A friend of mine, from my home-town university, lost her husband over the weekend. She is only 3 years older than me and so was he. I cannot even imagine the despair and pain she must be in.
They got together in school and eventually got married probably less than ten years ago. He had suffered from leukemia when he was a teenager but overcame it with no reoccurance. She married him knowing that they will never have children and she just loved him so. Unfortunately, a part from infertility, one of the rare side effects of the drugs was to cause lung damage and he fell within that ridiculous statistic. I didn't know anything about this until I met my friend when I went to Italy in November. She told me that unfortunately her DH wasn't well and was now constantly walking around with a bottle of oxygen and in the National waiting list for a lung transplant. As his condition deteriorated before the Summer, he was bumped up the list and they were constantly waiting for the phone to ring. She was very positive and optimistic, I told her about my MIL and her kidney transplant over 20 years ago and how that did save her life and she is still doing well. I wished her all the very best and although we do not email eachother much we know we are in each other's thoughts for one reason or another (work, common friends etc.). I saw her again at Christmas, no news but still very positive and looking forward to the future.
So when I got the email from one of my colleagues in Italy my heart just sunk. Apparently he contracted pneumonia and with such a weak body there was nothing they could do.
The funeral was today. I cannot think of anything else. I wrote her a card which I'll put in the post tomorrow, but what can you say when someone's life just crashes to the ground in a million pieces?

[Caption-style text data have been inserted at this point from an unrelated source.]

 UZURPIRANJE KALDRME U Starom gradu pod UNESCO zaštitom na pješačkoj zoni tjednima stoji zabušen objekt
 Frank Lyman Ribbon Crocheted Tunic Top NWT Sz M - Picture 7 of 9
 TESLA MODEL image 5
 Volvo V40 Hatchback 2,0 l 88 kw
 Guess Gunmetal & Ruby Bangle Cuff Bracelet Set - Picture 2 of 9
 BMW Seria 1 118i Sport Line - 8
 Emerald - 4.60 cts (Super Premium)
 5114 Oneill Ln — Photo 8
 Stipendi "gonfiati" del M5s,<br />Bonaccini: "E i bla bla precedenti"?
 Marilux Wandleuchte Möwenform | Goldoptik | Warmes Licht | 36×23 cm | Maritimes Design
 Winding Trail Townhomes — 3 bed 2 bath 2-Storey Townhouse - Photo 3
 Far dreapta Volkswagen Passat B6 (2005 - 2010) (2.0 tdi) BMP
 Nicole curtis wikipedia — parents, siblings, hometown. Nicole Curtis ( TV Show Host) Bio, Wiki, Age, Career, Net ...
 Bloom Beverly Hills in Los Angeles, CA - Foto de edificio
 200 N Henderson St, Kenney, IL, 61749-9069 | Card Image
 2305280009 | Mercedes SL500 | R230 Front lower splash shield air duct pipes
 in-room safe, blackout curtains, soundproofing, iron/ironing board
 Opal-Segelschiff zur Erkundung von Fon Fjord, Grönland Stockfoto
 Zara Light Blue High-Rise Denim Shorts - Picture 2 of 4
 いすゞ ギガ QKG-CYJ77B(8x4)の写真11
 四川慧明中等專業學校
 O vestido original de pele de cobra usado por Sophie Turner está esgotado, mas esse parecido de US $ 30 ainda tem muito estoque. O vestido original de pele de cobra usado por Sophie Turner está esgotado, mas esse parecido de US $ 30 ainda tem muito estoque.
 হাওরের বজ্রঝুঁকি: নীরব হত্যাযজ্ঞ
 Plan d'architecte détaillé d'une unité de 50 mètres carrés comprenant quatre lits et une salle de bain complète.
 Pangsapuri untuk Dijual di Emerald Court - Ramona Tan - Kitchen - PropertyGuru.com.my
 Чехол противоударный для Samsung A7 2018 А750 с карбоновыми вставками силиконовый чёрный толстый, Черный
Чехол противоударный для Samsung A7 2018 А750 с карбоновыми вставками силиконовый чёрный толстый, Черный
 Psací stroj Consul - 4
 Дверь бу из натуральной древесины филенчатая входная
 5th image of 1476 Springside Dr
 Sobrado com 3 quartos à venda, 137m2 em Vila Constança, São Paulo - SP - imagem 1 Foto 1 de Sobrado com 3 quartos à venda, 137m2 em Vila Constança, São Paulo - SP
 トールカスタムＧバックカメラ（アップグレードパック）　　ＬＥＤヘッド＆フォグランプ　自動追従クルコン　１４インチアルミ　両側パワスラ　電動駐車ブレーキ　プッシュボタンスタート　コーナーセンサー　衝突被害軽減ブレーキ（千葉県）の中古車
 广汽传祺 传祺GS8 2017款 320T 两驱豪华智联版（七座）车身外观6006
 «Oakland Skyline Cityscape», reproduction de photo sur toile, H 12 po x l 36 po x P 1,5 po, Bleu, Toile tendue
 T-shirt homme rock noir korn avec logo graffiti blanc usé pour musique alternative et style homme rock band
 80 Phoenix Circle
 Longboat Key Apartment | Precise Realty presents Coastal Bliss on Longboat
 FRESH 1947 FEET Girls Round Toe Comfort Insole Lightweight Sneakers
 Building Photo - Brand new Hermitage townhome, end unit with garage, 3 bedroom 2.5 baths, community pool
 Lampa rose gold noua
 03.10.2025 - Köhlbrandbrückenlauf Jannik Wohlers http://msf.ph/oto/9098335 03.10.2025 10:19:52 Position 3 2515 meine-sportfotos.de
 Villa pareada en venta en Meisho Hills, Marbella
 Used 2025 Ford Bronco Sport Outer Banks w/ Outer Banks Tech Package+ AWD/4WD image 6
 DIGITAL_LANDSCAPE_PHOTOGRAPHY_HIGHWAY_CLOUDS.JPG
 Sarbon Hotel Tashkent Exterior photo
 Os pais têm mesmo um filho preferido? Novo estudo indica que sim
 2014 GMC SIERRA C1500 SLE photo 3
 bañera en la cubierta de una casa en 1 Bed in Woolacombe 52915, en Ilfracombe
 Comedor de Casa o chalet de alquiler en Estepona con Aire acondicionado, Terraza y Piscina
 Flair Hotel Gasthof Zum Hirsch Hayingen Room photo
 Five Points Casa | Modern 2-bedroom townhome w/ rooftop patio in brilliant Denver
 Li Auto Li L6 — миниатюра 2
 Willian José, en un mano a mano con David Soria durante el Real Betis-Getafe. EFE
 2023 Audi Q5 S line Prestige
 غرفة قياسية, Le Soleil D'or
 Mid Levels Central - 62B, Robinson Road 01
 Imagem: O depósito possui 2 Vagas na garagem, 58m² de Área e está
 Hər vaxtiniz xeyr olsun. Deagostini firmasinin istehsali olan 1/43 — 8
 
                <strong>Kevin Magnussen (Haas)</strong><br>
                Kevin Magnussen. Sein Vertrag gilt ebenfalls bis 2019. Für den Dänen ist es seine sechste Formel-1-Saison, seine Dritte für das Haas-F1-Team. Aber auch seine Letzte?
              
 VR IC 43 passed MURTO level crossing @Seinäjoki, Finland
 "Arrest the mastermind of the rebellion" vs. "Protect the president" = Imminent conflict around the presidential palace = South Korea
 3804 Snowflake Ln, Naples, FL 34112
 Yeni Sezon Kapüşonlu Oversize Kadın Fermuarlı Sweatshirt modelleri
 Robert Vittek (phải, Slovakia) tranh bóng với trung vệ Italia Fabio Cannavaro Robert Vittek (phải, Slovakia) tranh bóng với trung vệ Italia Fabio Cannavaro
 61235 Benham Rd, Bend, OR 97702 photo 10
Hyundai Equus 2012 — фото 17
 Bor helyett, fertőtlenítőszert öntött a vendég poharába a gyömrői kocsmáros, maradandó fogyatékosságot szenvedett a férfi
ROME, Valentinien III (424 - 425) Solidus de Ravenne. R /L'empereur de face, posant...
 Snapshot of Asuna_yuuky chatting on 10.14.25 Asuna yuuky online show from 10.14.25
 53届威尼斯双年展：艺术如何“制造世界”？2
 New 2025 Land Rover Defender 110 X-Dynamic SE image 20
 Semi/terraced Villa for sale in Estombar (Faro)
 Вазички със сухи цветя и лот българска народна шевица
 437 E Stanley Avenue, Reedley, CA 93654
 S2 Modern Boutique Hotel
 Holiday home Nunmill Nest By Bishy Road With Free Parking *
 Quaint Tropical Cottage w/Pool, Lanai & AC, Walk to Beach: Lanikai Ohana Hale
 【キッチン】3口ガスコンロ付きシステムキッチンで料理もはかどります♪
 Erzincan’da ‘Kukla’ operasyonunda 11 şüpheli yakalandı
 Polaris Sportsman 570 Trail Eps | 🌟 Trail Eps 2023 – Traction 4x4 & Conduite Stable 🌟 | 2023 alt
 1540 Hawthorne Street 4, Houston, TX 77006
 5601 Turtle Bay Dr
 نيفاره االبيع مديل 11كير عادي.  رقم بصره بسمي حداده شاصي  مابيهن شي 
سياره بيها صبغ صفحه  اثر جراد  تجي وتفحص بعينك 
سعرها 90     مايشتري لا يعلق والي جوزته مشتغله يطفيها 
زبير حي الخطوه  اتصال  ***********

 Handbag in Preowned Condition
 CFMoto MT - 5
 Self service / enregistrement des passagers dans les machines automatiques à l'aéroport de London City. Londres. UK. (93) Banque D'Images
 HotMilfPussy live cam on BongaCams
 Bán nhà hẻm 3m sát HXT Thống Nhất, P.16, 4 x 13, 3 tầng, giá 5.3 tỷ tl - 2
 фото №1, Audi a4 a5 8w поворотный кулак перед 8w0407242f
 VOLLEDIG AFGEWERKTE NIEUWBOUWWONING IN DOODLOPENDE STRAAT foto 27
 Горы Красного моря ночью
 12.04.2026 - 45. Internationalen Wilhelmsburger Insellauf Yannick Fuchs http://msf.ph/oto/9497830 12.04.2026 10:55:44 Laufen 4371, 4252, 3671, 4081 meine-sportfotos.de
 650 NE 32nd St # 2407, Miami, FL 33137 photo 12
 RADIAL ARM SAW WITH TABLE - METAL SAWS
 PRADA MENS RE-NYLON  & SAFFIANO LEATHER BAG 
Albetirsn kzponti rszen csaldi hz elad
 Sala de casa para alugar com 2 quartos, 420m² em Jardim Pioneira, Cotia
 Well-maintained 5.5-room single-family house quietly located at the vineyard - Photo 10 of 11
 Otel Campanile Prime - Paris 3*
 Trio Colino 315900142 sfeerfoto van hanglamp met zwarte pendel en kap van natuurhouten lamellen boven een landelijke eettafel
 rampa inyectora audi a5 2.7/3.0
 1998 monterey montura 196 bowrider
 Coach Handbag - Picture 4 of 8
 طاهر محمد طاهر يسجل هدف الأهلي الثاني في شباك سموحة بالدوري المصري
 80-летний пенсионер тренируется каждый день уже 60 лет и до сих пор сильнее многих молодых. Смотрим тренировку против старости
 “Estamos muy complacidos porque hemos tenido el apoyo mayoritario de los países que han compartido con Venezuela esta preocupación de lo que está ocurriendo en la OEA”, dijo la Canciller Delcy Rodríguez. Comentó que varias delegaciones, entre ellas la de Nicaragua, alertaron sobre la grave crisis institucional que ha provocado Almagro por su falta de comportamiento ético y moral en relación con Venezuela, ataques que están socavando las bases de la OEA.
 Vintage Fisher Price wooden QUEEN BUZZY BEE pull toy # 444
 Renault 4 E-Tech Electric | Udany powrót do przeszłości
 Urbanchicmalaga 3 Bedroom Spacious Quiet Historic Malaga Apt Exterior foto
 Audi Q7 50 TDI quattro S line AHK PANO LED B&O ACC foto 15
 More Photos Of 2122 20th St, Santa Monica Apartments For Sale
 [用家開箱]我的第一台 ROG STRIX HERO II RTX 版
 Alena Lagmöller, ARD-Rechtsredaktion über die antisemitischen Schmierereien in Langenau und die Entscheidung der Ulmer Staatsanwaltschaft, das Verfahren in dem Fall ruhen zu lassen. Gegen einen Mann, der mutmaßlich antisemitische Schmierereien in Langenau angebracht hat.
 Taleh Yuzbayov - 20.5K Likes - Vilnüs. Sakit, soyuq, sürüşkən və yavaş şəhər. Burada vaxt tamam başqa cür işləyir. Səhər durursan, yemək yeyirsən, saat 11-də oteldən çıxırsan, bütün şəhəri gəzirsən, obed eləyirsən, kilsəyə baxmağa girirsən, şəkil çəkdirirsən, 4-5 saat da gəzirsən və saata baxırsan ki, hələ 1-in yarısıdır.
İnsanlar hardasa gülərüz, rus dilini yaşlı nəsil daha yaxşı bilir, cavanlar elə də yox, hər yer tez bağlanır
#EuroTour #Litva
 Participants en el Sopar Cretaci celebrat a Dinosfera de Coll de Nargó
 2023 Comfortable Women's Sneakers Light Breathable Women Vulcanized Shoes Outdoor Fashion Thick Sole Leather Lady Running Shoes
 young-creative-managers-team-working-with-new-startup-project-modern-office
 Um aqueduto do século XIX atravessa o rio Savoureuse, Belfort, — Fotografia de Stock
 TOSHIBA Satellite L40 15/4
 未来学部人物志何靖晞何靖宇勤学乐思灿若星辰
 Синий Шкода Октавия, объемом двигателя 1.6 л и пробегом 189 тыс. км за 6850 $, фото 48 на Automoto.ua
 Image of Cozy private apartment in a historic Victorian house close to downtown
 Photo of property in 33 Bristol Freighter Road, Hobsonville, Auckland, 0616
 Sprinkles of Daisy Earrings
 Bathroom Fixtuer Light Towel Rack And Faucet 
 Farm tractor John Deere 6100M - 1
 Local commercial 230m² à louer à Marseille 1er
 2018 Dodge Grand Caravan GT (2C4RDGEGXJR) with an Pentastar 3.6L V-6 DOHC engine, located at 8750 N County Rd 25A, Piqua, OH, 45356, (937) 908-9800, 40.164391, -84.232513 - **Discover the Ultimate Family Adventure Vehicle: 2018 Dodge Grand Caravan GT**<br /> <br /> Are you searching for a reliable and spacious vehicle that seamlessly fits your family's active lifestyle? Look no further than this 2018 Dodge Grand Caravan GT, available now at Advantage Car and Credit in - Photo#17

And suddenly all that I'm doing to have a baby seems just so unnecessary.

10 comments:

junebug said...

Hugs to you and to your friend. That is so sad. It makes all the cliches true about life being so short and learning to enjoy the time we have together.

Anonymous said...

Oh, my. I am so sorry for your friend's loss. That's so sad. My thoughts and prayers are with her.

Clare said...

What a terrible situation. I am so very sorry for your friend. Events such as these really put all our worries into perspective.. though your efforts to have a baby are no less valid, just put into perspective.... Sending hugs.

Heather said...

I'm so sorry to hear about your friend. I lost a friend from college to something very similar. She never made it off the lung transplant list either. Awful. I often think of my friend and she reminds me that I do indeed have a lot to be thankful for.

Take care.

MJ said...

Thoughts and prayers for your friend at the loss of her DH.

Best When Used By said...

Your friend's loss is tragic and horrible, but it does not invalidate your efforts to have a child. I think it reinforces the idea that life is precious and we must all live each day to the fullest, making sure we do all that we want to do, be all that we can be, do everything in our power to make our dreams come true, and of course, be kind and gentle with others. Your sympathy care will mean a lot to your friend, and I'm sure your friend would want you to live your life to the fullest - including doing all that you can (or want to do) to be a mom.

Anonymous said...

Oh Fran, I am so sorry to read of your friend's loss. ((Hugs)) to you. I know your care and concern for her will be of comfort during this really difficult time.

Momasita said...

I'm so sorry for your loss. When we lose someone so young and so unexpectedly it tends to bring a lot of things into focus for us. It really highlights the important things. I agree with a pp, while it's a horrible situation I don't think it makes your bid to have a child any less valid. Sending many hugs to you.

Anonymous said...

Yes, that's so sad. It's like all the priorites re-order themselves like books on a shelf, when you hear news like that. Still, it's all relative - we all have the things we care about and worry about; trying for a baby is now less valid although bad news always provides perspective.

Lut C. said...

A tragic loss for your friend, and a reminder to appreciate what one does have in life.
That said, I find other people's struggles don't cancel the emotions I have about mine.